Il ritardo di brand come Burberry e Gucci è incolmabile, dice WSJ

Il ritardo di brand come Burberry e Gucci è incolmabile, dice WSJ

Il Wall Street Journal cita un dato per spiegare come il ritardo di brand come Burberry e Gucci sia incolmabile. Il budget per il marketing di LVMH è passato da 6,3 a 10 miliardi di euro tra il 2019 e il 2023, col risultato che la sola spesa in attività di promozione e comunicazione di Vuitton&Co è circa “tre volte superiore alle vendite annue” del marchio inglese dei trench. Ma non è solo una questione di gigantismo: è che i marchi “malconci – scrive il giornale finanziario statunitense – sono difficili da aggiustare” in una “fase di rallentamento del mercato” dove bisogna convivere “con i big”.

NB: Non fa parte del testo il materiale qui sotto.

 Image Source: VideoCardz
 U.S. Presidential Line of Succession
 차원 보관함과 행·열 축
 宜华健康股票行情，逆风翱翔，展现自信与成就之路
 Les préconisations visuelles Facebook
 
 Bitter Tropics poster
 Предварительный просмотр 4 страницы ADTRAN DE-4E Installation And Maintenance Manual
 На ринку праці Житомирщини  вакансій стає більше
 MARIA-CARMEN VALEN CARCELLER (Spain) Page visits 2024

Il ritardo di brand come Burberry e Gucci

La disanima di WSJ è inclemente. È difficile fare affidamento sul coraggio stilistico, perché “i marchi fantasiosi franano facilmente”, come hanno dimostrato Gucci e Balenciaga: quando il vento è favorevole veleggiano spediti, ma quando si arresta è “stagnazione”. Ma neanche investire su prodotto e distribuzione è garanzia di successo. Burberry ha spinto molto sul retail diretto e sull’innalzamento di posizione: “Le borse di Daniel Lee costano il 58% in più di quelle delle vecchie collezioni”, scrive WSJ sulla base di dati Bernstein. Ma è impossibile (o quasi) strappare quote di mercato a chi è meglio insediato nell’alto di gamma. Ne consegue che Burberry finisce per generare “un terzo delle vendite nei canali off-price”: piazza, cioè, i suoi articoli di maggior fattura in sconto o negli outlet.

 

 

Lo scenario sfavorevole

Sullo sfondo dei ragionamenti di WSJ c’è, chiaramente, la comunità finanziaria, che in base all’appeal di certe società deve decidere se investirci o meno. Il giudizio pare implacabilmente negativo. Queste aziende sono tra l’incudine dei costi crescenti (nel retail, innanzitutto) e il martello dei ricavi piatti. Mentre non ci sono segnali di ripresa evidenti. “Il traffico di clienti nei flagship store non mente mai – commenta Luca Solca (Bernstein) –: se non c’è nessuno, il brand è irrilevante”. Oggi si parla tanto di polarizzazione, ma il mercato della moda è sempre stato selettivo: per una Coco Chanel che trasforma il cognome in griffe miliardaria, c’è sempre stata una Elsa Schiaparelli che rimane di nicchia. “Le possibilità di fare un gran ritorno nel mercato del lusso – conclude la riflessione – oggi sembrano più difficili che mai”.